Gericht stellt Schutz der Familie vor Interesse der Polen

Das Oberlandesgericht in Hamm indes stellt mit seinem Urteil Laras Wohl und das der Familie über die Forderung der polnischen Behörden, die laut Gericht vor allem mit den Grundrechten Deutschlands unvereinbar ist. Es ist der Meinung, dass eine Auslieferung an das Nachbarland einen „nicht zu rechtfertigenden Eingriff in das grundrechtlich geschützte Familienleben“ darstellen würde. Sie wäre „eine weitere physische und psychische Belastung“ Laras mit „nicht vorhersehbaren“ Folgen und würde damit das Kindswohl in einer „rechtlich nicht zulässigen Weise nachhaltig beeinträchtigen“.

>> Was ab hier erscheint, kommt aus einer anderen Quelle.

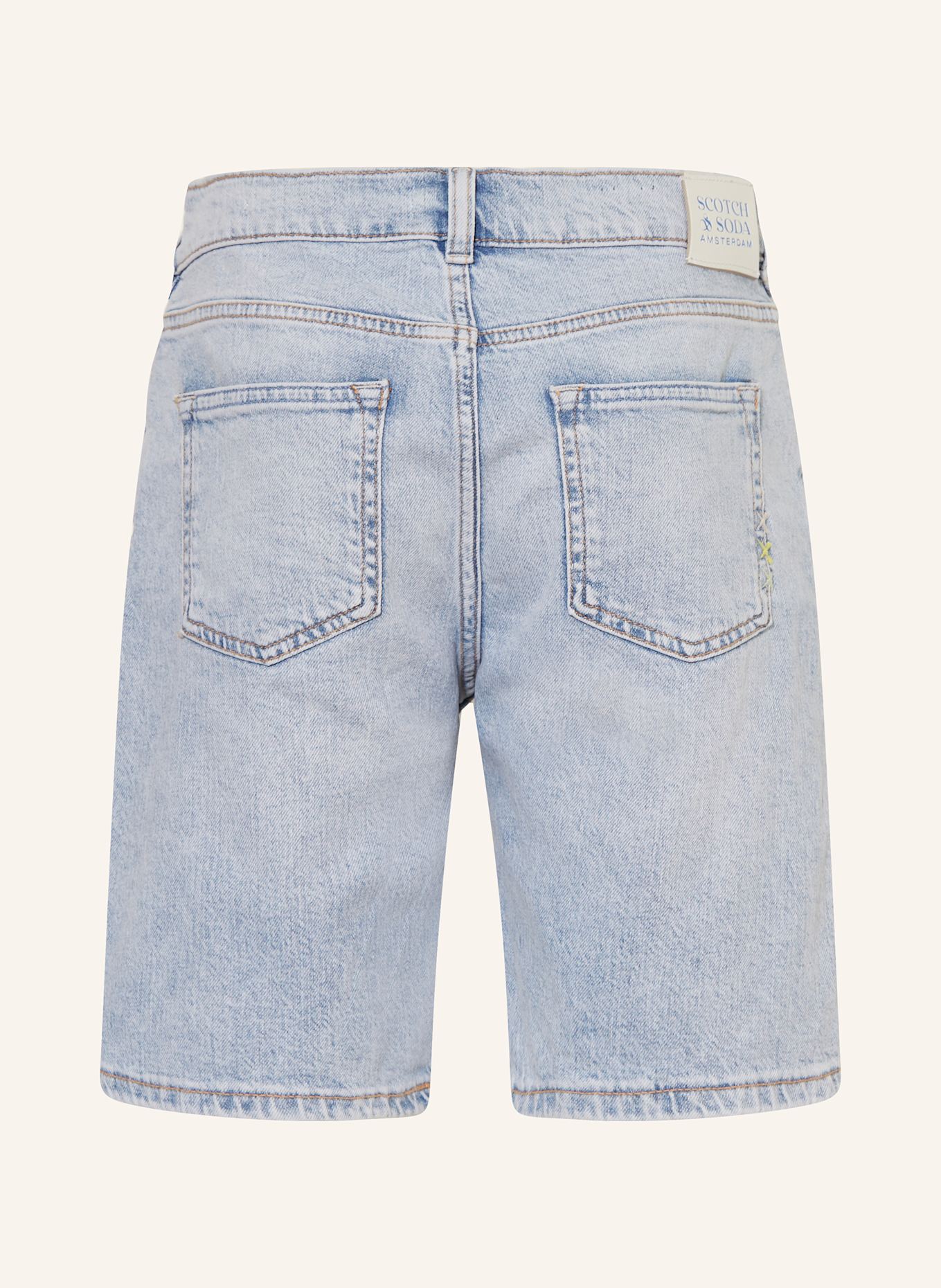 SCOTCH & SODA Jeansshorts Loose Fit: HELLBLAU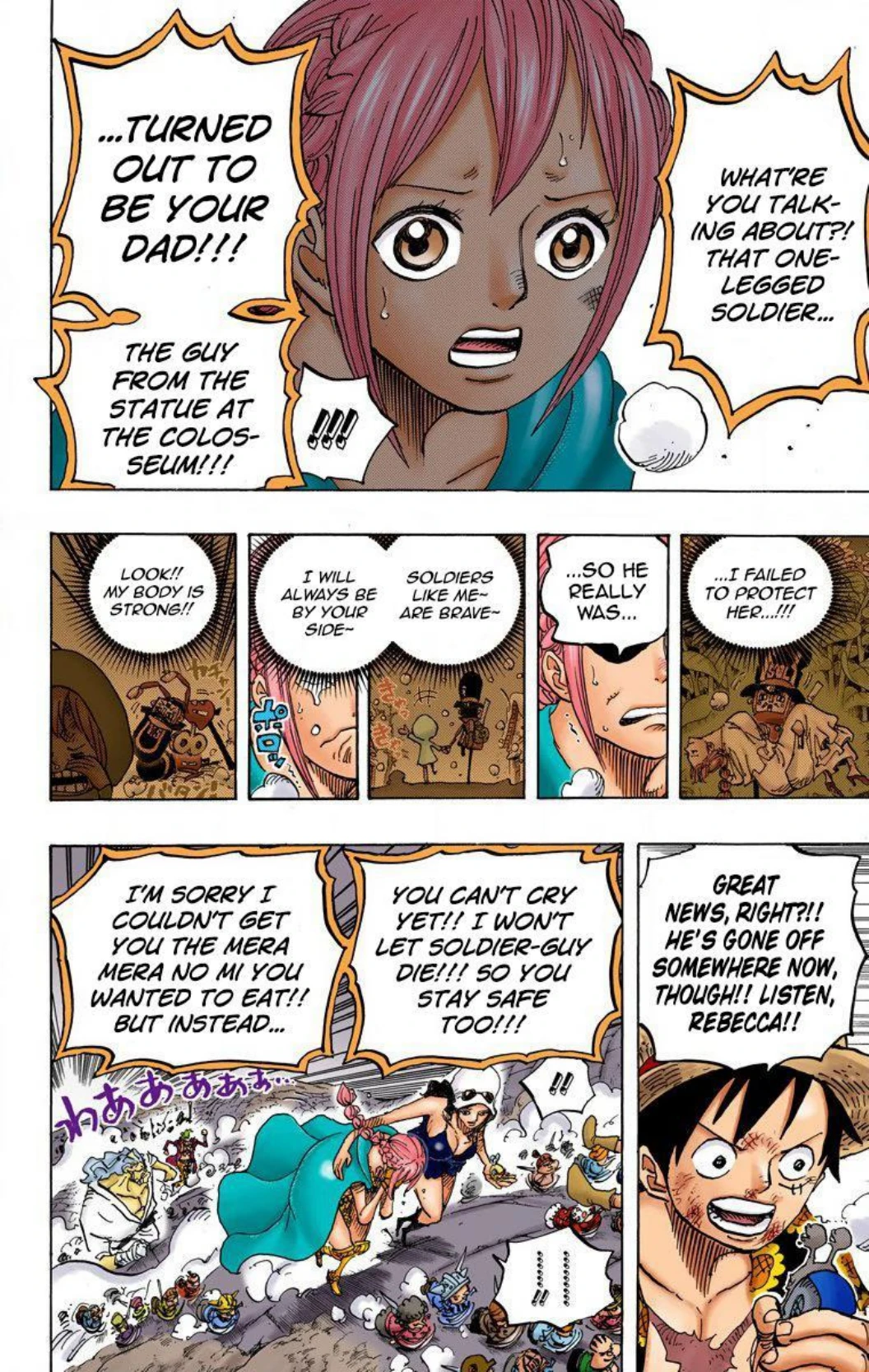 One Piece Volume 75 Page 69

Karzelek habe sich nicht der Entziehung Minderjähriger strafbar gemacht, weil er das alleinige Sorgerecht sowie Umgangsrecht für Lara habe. Die Nötigung der Mutter Laras sei „zweifelhaft“, eine „Freiheitsberaubung zum Nachteil des Kindes“ könne das Gericht nicht feststellen.